Input for this task ▸
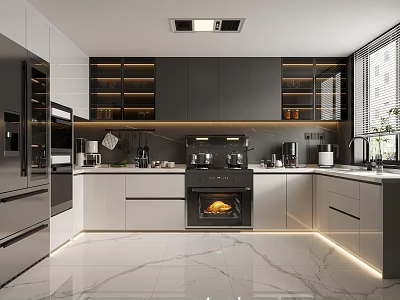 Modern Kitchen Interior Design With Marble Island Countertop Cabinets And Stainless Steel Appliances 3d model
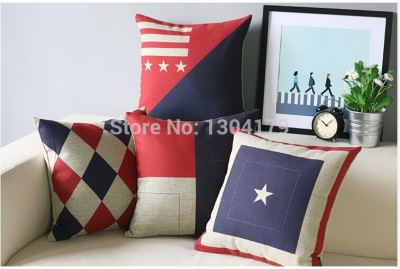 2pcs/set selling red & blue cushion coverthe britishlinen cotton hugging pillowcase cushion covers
* * *
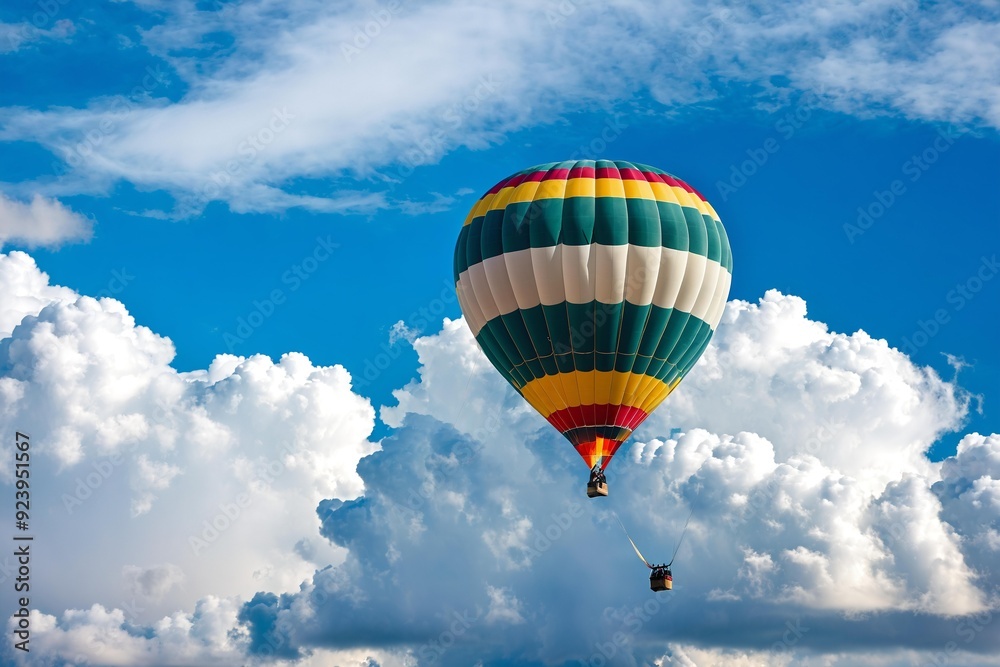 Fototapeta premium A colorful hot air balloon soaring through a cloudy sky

Exercise prompt ▸ Starting with the line that contains "Modern Kitchen Interior" and finishing with the line that contains "2pcs/set selling red", reproduce every line of the material above exactly, but not the pictures.

Response box ▸
 Modern Kitchen Interior Design With Marble Island Countertop Cabinets And Stainless Steel Appliances 3d model
 2pcs/set selling red & blue cushion coverthe britishlinen cotton hugging pillowcase cushion covers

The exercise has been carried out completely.